PROBLEM REQUIREMENTS - Repeat the listing exactly. The images do not belong in the copy.

---------- DATASET SECTION ----------

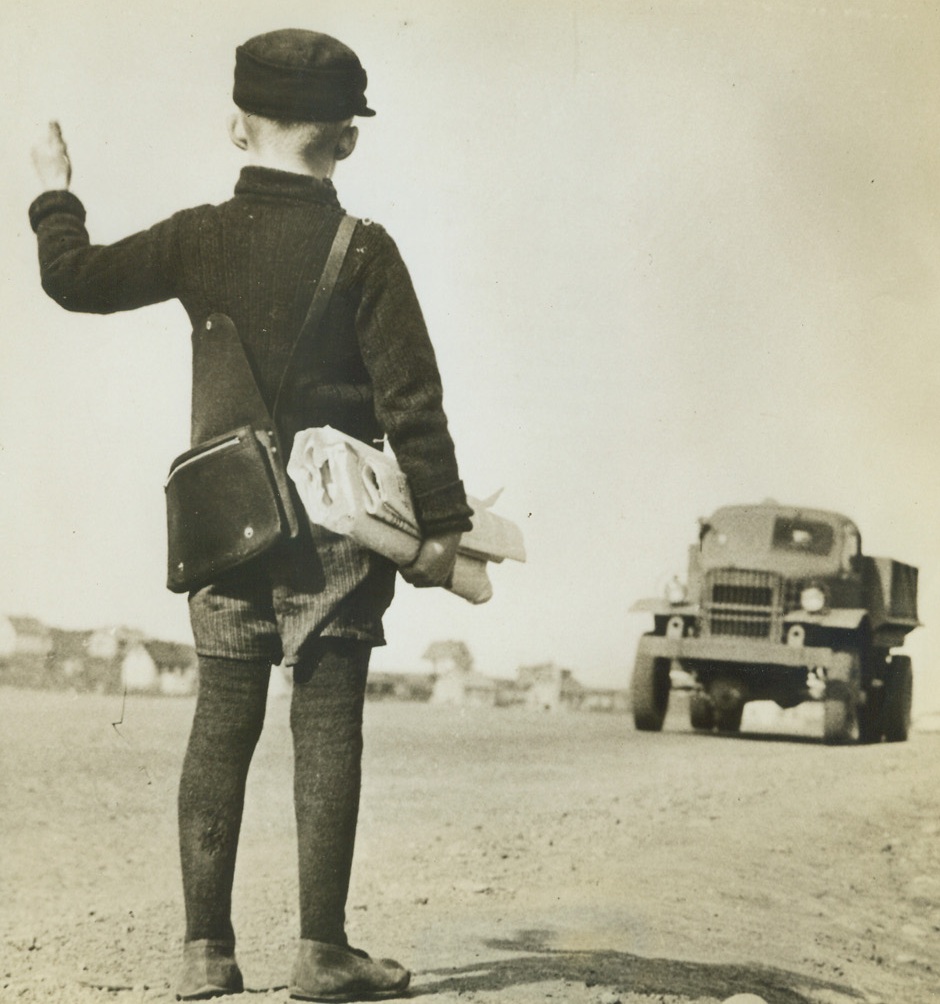 Hitch-Hiking in the Iceland Manner, 7/28/1942. Taking advantage of the opportunity offered by the sight of an approaching United States Army truck of our forces in Iceland, this young schoolboy uses the universal thumb method to hitch a ride to his school house.  Credit Line (Official U.S. Army Photo from ACME);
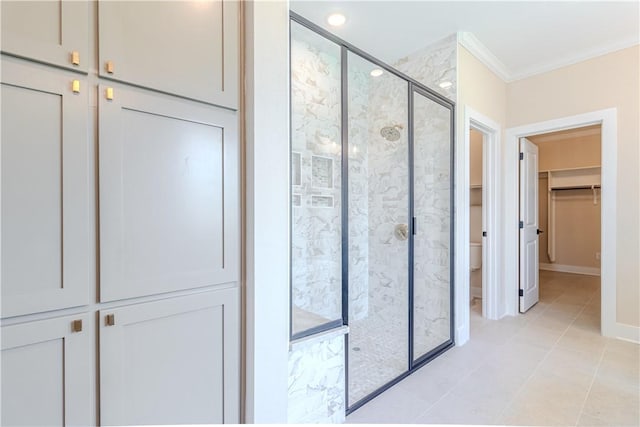 full bathroom featuring baseboards, a shower stall, crown molding, toilet, and tile patterned floors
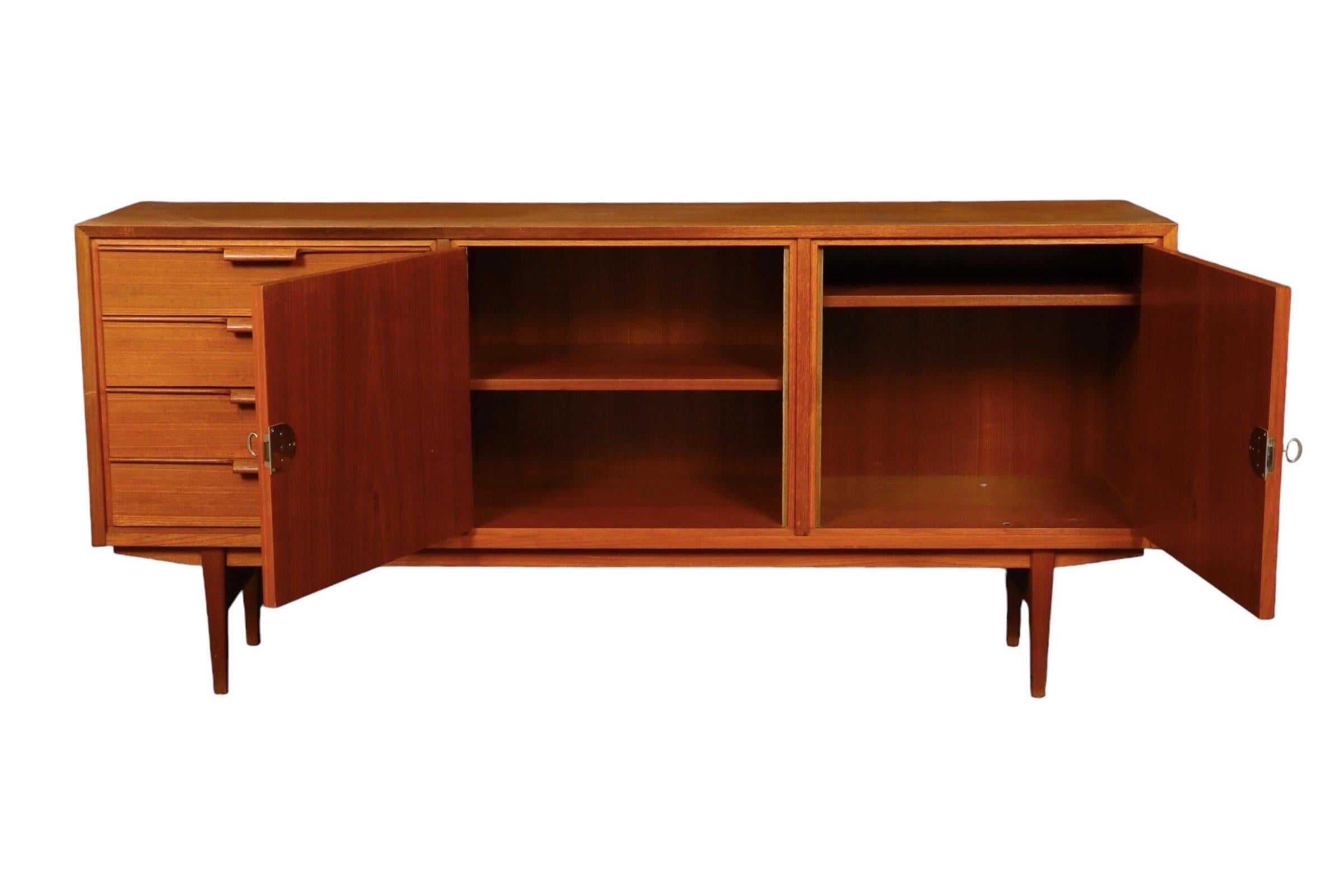 1960’s Danish Mid-Century Modern sideboard made of teak. Four drawers on the left open with curved bar handles. The locking cabinet to the center right houses a single shelf. Tapered legs are supported with a thick stretcher at each end.
 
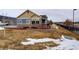 Side view of the house, showing landscaping and a walkway at 12444 Madison Way, Thornton, CO 80241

----------

RESPONSE -
 Hitch-Hiking in the Iceland Manner, 7/28/1942. Taking advantage of the opportunity offered by the sight of an approaching United States Army truck of our forces in Iceland, this young schoolboy uses the universal thumb method to hitch a ride to his school house.  Credit Line (Official U.S. Army Photo from ACME);
 full bathroom featuring baseboards, a shower stall, crown molding, toilet, and tile patterned floors
 1960’s Danish Mid-Century Modern sideboard made of teak. Four drawers on the left open with curved bar handles. The locking cabinet to the center right houses a single shelf. Tapered legs are supported with a thick stretcher at each end.
 
 Side view of the house, showing landscaping and a walkway at 12444 Madison Way, Thornton, CO 80241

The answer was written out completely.